WHAT IS BEING ASKED: Output exactly, and only, the stretch of lines beginning at the line with "Black and white" and ending at the last line of the listing below. Drop the pictures.

MATERIAL FOR THIS EXERCISE:

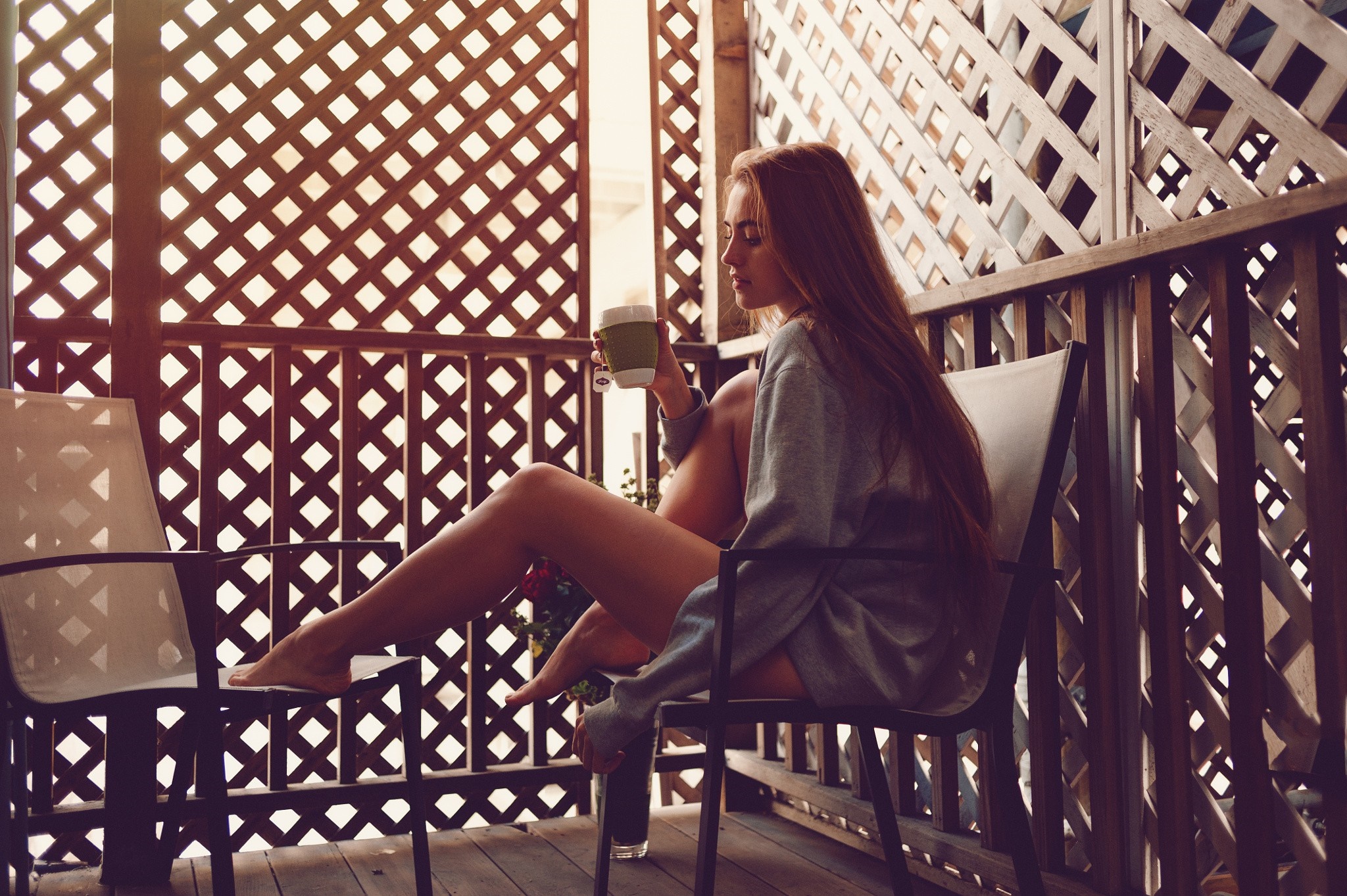 Woman with long hair holding a cup on a balcony HD Wallpaper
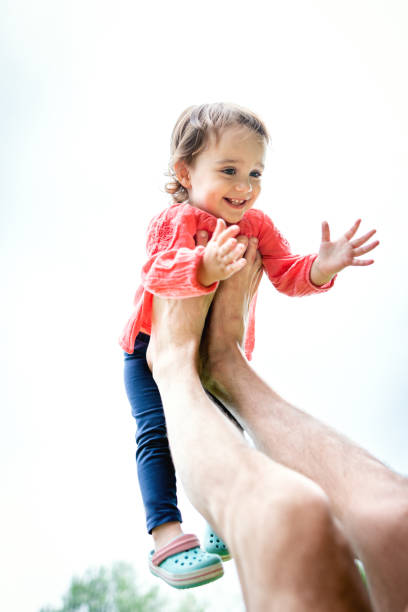 istock Dad playing with his daughter outdoors in the nature 1255008587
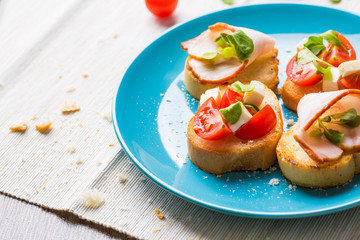 Bruschetta with tomato, cheese and bacon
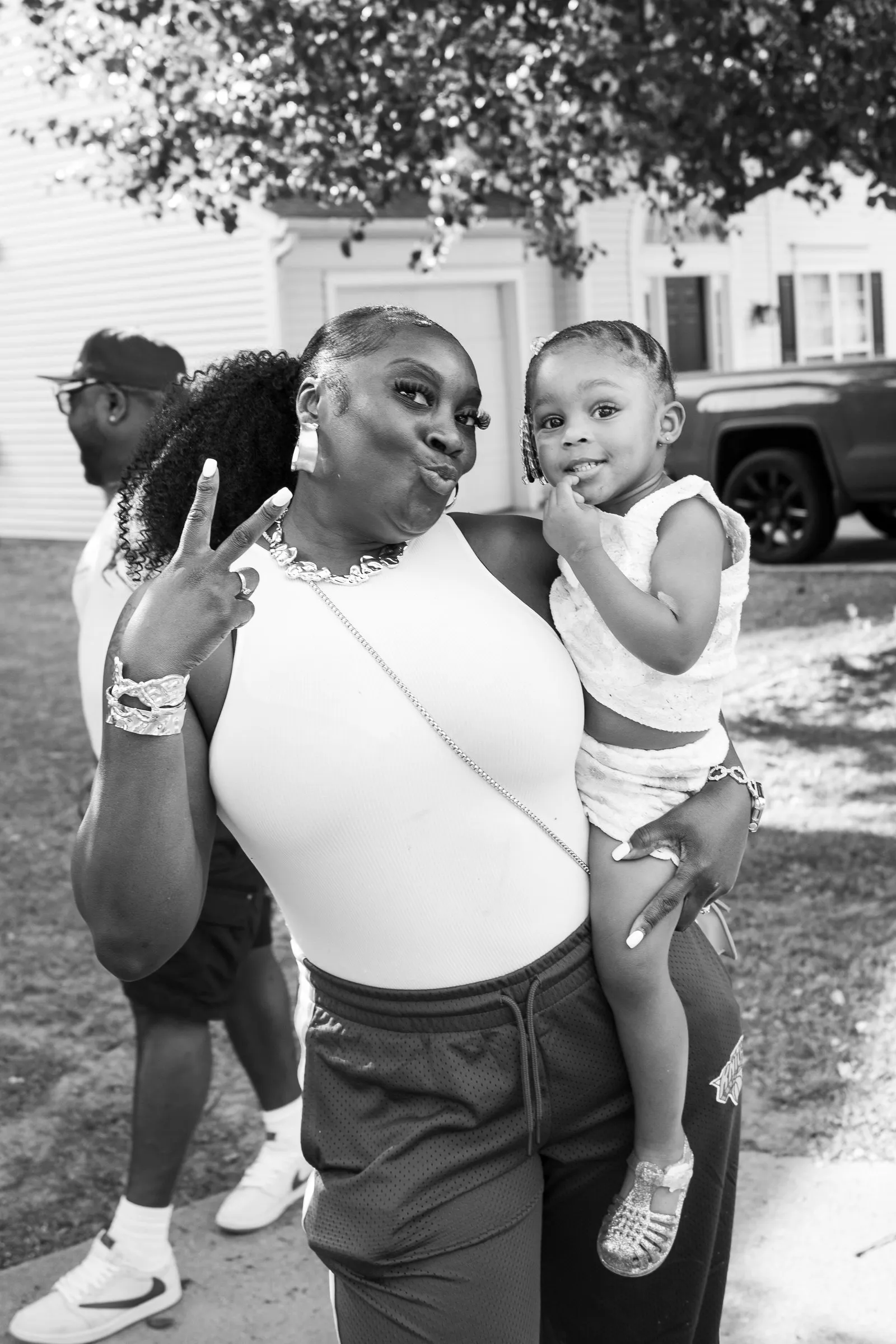 Black and white photograph of a woman holding a toddler on her hip, both posing for the camera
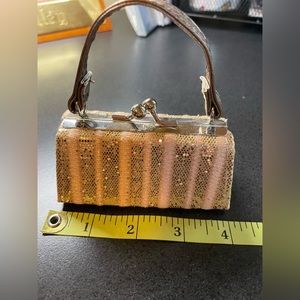 Tiny little purse. Super cute, brand new.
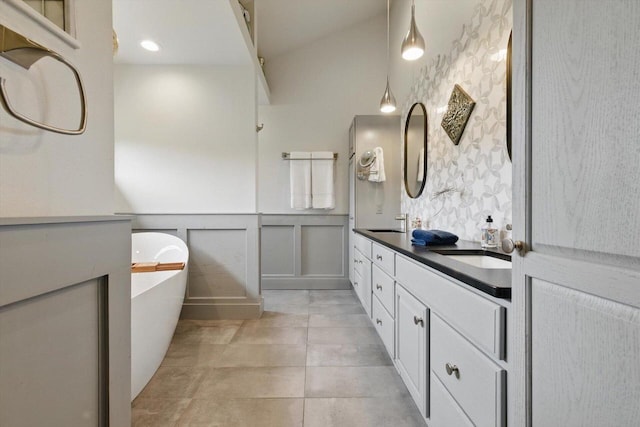 628 Sedge Meadow Ct, Summit, WI 53066 - full bathroom with a wainscoted wall, double vanity, a freestanding bath, tile patterned floors, and a decorative wall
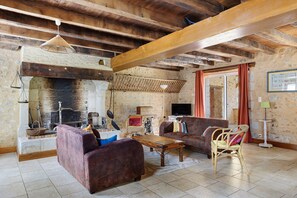A rustic living room with exposed wooden beams, a fireplace, a sofa, and a wicker chair. - Set of Holiday Homes - Swallows and Poultry (Lusignan)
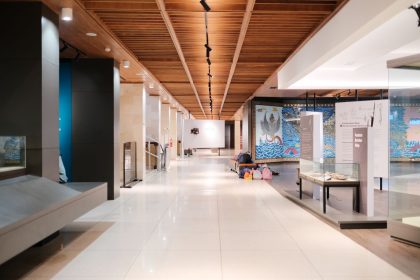 Corredor amplo e iluminado de uma exposição de design moderno, com ambientes e peças expostas.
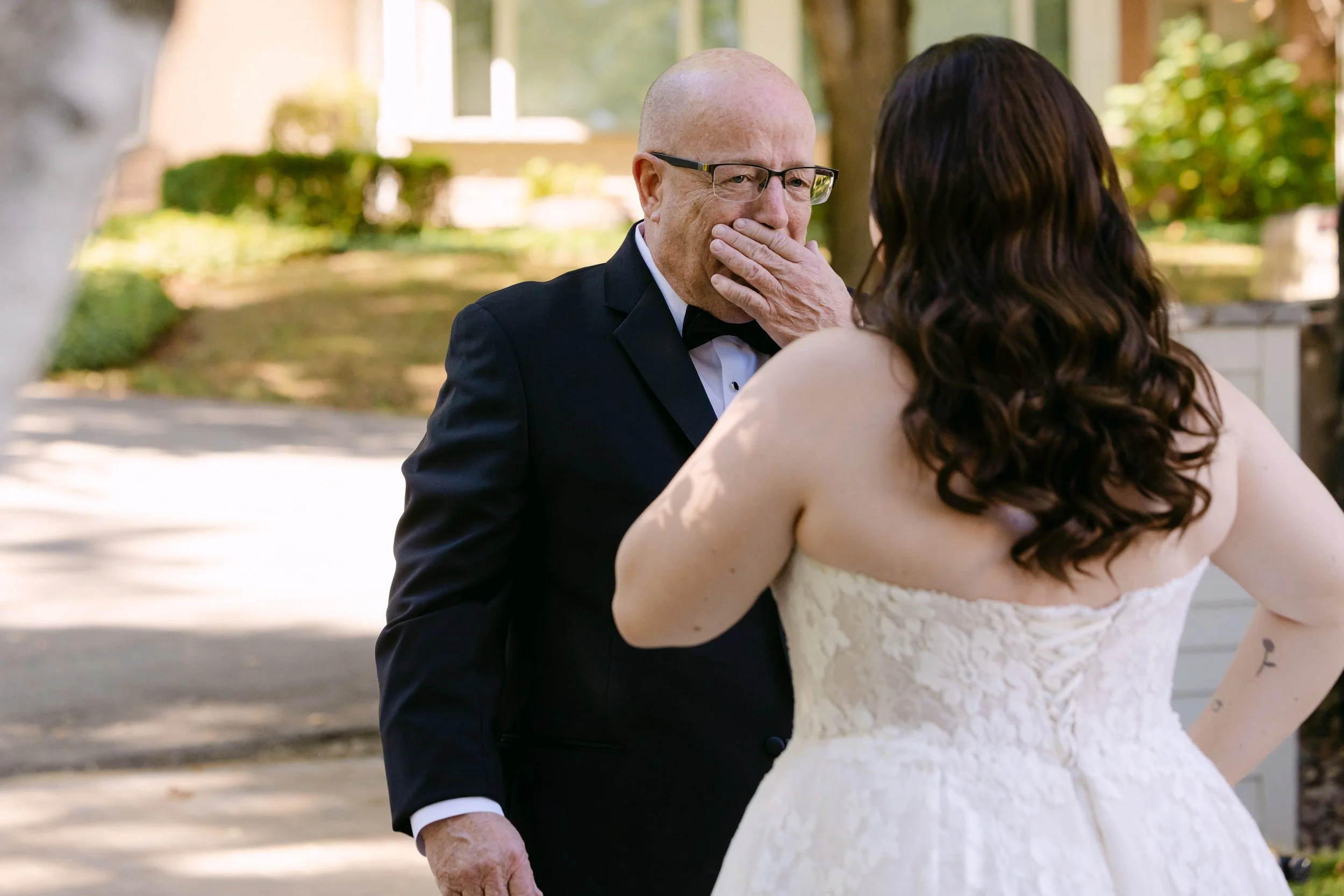 A bride and an older man in a tuxedo are in an outdoor setting. The man has his hand over his mouth, and the bride is facing him with her back to the camera, touching his face.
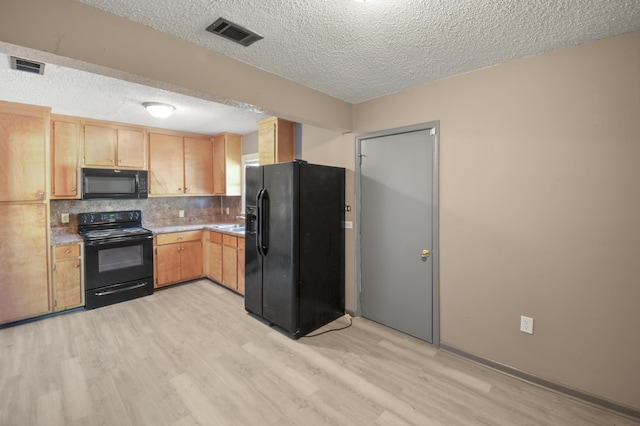 kitchen featuring light countertops, visible vents, black appliances, and light wood finished floors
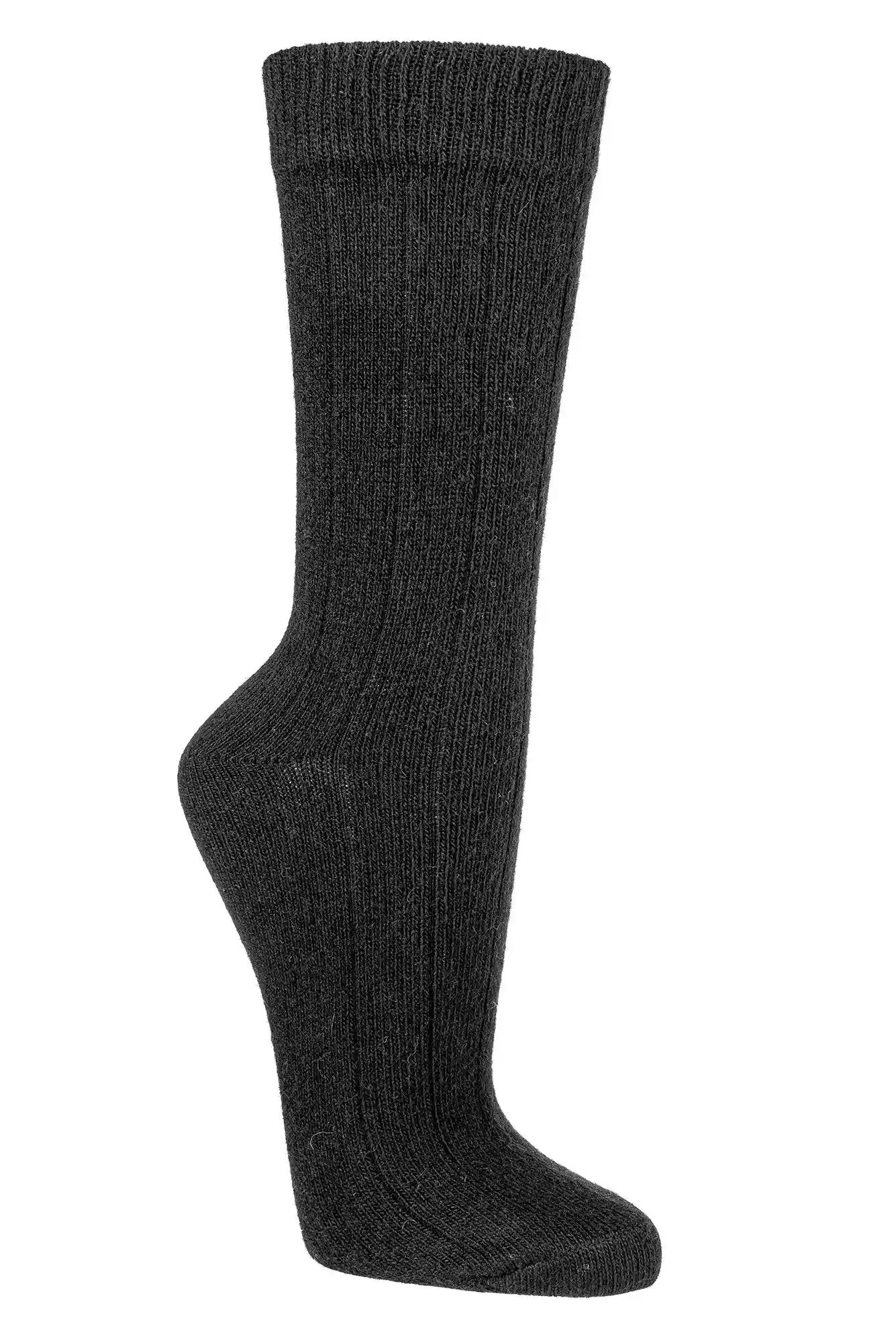 Socken mit Merinowolle und Kaschmir in schwarz am Fuß getragen, weiche Ripp Struktur, Unisex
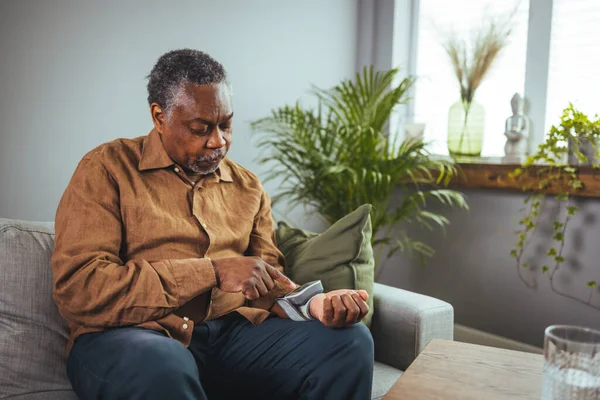 Active senior man measuring blood pressure with sphygmomanometer in bedroom. An older African American man measures blood pressure.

FINISHED TASK:
 Black and white photograph of a woman holding a toddler on her hip, both posing for the camera
 Tiny little purse. Super cute, brand new.
 628 Sedge Meadow Ct, Summit, WI 53066 - full bathroom with a wainscoted wall, double vanity, a freestanding bath, tile patterned floors, and a decorative wall
A rustic living room with exposed wooden beams, a fireplace, a sofa, and a wicker chair. - Set of Holiday Homes - Swallows and Poultry (Lusignan)
 Corredor amplo e iluminado de uma exposição de design moderno, com ambientes e peças expostas.
 A bride and an older man in a tuxedo are in an outdoor setting. The man has his hand over his mouth, and the bride is facing him with her back to the camera, touching his face.
 kitchen featuring light countertops, visible vents, black appliances, and light wood finished floors
 Socken mit Merinowolle und Kaschmir in schwarz am Fuß getragen, weiche Ripp Struktur, Unisex
 Active senior man measuring blood pressure with sphygmomanometer in bedroom. An older African American man measures blood pressure.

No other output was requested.